The Universal Service Obligation (USO) Fund aims to facilitate the provision of telecom services in rural and remote areas at affordable prices. The role of the USO Fund is to identify the problems and suggest solutions for the same.Power availability is a key issue in providing telecom services in rural areas. Power is an essential element for rural telecom as it is required at both the service provider and subscriber ends. It is also a significant cost component of rural telecom networks, constituting 70 per cent of the opex for rural sites. Grid power availability in rural India is limited, erratic and unreliable, which calls for alternative sources. Diesel, which is currently the most favoured alternative fuel, is expensive, has a complex supply chain, involves pilferage issues and is a major source of pollution.

The solutions that the USO Fund could provide include encouraging the use of energy efficient infrastructure and RE by providing subsidies, and discouraging the use of diesel generators. A key issue faced by operators is the non-standardisation of equipment across their networks. Standardisation will accelerate growth by providing operators with economies of scale and low unit costs. However, the market has been innovating rapidly and is in a growth phase. Forcing standardisation may discourage innovation and thus hinder growth. Also, the base transceiver stations (BTSs) vary according to their locations and markets, and hence it is very difficult to choose “one size fits all” solutions. Moreover, if the USO Fund selects or promotes specific designs and products, the decision on equipment procurement shifts away from mobile network operators and tower companies, who know the micro issues.

Currently, several USO Fund-led initiatives that are directed towards the subscriber are under implementation or at planning stages. Subsidy on the use of solar energy for digital satellite phone terminals and new village public telephones (VPTs) in uncovered villages is one such step. The USO Fund, in collaboration with the Ministry of New and Renewable Energy (MNRE), provides subsidy for setting up solar chargers at the 50,000 existing VPTs. A similar subsidy is provided for building solar mobile charging stations in 5,000 villages in partnership with The Energy and Resources Institute’s LaBL project.

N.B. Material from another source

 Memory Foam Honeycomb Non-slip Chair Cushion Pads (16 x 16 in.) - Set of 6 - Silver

The fund has also launched a programme to set up rural women’s self-help group-run mobile charging stations under the Department of Telecommunications (DoT)-USO Fund gender budget programme. It also provides subsidy for installing solar panels at satellite broadband kiosks in remote villages.

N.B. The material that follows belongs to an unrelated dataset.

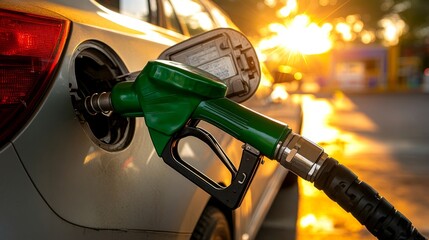 Refueling at Sunset Filling Car Tank with Gasoline at Gas Station During Golden Hour.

At the service provider’s end, the USO Fund mandates infrastructure sharing and recommends the setting up of outdoor BTSs. In the future, the fund would provide subsidised RE installations to 28 shared mobile infrastructure sites across 27 states under the RE pilot for the Mobile Phase 1 scheme. The pilot will establish the technical feasibility and financial viability of RE use at shared rural sites. Under this scheme, solar or solar-wind hybrid projects would be implemented in Madhya Pradesh, Orissa, Gujarat, Tamil Nadu, Karnataka, Maharashtra, Andhra Pradesh, etc. Also, planned mobile infrastructure programmes aim at meeting at least 75 per cent of the electrical load at a telecom site from RE sources. The USO Fund plans to provide a subsidy of 40 per cent on the capex for installing the RE capacity.

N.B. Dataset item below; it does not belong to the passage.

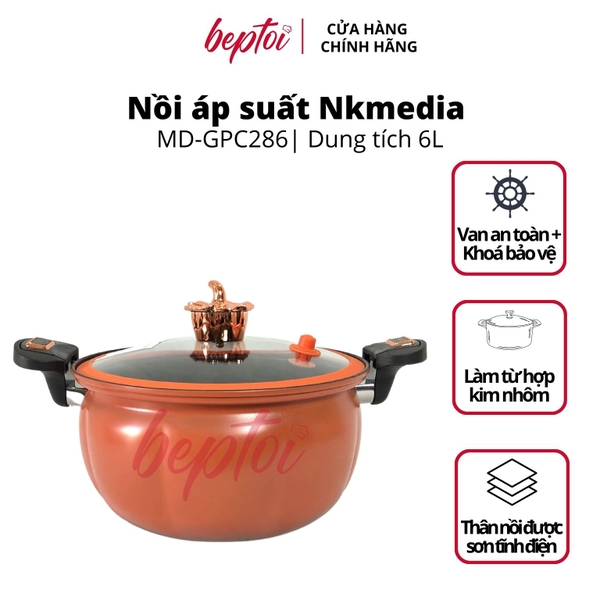 Nồi áp suất bí ngô 6L Nkmedia MD-GPC286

For RE to succeed in rural telecom, it is mandatory that it wins on cost efficiency considerations. Subsidised pilot schemes can establish practical workability and could help increase production volumes initially to drive down costs. But in the long run, the model needs to become profitable on its own as perpetual dependence on subsidy is unfeasible. Localised community power solutions are attractive, with telecom sites serving as anchor tenants, and can benefit from the MNRE-USO Fund subsidy, but these too must be self-sustaining in the long run.